( Disponible en anglais seulement )
Recently, the Ontario Superior Court of Justice in Kapoor v. Kuzmanovski, 2018 ONSC 4770 (CanLII) determined the issue of whether individuals who drive and pay automobile insurance premiums can be excluded as potential jurors in cases arising out of motor vehicle accidents due to an alleged “inherent conflict of interest”. In a motion to exclude such individuals as potential jurors in motor vehicle accident cases, the plaintiff argued that the financial obligation of such individuals to pay automobile insurance premiums amounted to a personal interest adverse to the interests of plaintiffs in cases arising out of motor vehicle accidents.
On the motion, the Court excluded a crucial document the plaintiff sought to rely on as evidence of the alleged “inherent conflict of interest.” The survey in question, which was conducted of 300 residents of Brampton, Ontario, showed that 73% of those surveyed would limit damages awarded in such cases in order to lower their insurance premiums. Just 27% of those surveyed indicated that they would award damages without regard to their own insurance premiums.

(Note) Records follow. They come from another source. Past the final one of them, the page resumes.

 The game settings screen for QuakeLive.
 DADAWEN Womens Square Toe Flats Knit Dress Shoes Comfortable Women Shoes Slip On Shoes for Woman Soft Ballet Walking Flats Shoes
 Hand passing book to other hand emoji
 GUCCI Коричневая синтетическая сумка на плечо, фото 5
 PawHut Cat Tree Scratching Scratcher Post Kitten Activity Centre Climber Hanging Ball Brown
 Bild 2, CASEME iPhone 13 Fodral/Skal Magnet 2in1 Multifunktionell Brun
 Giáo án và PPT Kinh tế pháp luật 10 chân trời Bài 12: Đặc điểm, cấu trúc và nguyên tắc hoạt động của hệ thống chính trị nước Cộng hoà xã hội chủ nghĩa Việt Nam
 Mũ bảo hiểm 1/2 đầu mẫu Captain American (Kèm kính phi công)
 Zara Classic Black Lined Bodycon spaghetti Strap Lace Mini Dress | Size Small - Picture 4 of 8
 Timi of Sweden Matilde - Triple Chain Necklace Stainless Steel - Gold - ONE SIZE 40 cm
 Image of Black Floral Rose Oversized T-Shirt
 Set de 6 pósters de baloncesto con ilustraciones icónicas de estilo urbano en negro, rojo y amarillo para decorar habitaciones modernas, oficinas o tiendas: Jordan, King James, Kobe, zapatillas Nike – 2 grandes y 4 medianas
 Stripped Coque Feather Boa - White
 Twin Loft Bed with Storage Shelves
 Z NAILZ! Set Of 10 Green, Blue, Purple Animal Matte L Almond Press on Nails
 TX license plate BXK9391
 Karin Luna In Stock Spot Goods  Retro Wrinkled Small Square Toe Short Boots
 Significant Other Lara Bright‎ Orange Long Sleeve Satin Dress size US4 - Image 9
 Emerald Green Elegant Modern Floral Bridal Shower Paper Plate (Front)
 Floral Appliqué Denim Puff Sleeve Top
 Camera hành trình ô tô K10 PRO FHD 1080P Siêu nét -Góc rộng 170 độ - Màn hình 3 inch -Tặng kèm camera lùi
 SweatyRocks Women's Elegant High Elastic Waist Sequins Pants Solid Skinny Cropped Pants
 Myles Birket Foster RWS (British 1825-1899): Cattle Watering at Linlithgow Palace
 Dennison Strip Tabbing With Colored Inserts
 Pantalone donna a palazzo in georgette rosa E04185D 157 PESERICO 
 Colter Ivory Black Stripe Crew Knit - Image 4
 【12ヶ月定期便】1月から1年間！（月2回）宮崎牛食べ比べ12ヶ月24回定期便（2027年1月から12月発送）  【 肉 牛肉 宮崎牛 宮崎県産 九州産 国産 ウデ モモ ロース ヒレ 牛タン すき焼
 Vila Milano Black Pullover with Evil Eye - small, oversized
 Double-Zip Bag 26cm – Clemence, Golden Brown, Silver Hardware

As the plaintiff sought to introduce the survey as expert evidence, the Court went through the exercise of determining its admissibility by applying the test set out by the Supreme Court of Canada in White Burgess Langille Inman v. Abbott & Haliburton Co., 2015 SCC 23. The Court ultimately found that the survey did not pass the test and was therefore inadmissible and not considered as part of the evidentiary record on the motion.
Further, the Court heeded the submissions of various intervenors on the motion, including the Attorney General of Ontario and the Advocates’ Society. It was submitted by the Attorney General of Ontario, and accepted by the Court, that civil jurors can only be challenged for want of eligibility under Ontario’s Juries Act, which provides for two avenues of challenge for cause in civil cases: i) for want of eligibility, and ii) for ratepayers and officers/servants of municipal corporations where the municipal corporation is a party to the action. The Court further agreed with the Advocates’ Society that a challenge for cause based on bias or lack of partiality of prospective jurors ought not to be read into the Juries Act and is a matter best left to the legislature.
The Court ultimately dismissed the plaintiff’s motion, holding that there was no evidence to demonstrate the presence of widespread bias among Brampton citizens as prospective jurors, against the interests of the plaintiff in this case, or generally against similarly situated plaintiffs.
While it is not clear whether the decision in Kapoor v. Kuzmanovski will be appealed, for now it appears as though the Ontario driving and insurance premium paying public will continue to have the pleasure of serving on juries in motor vehicle accident cases.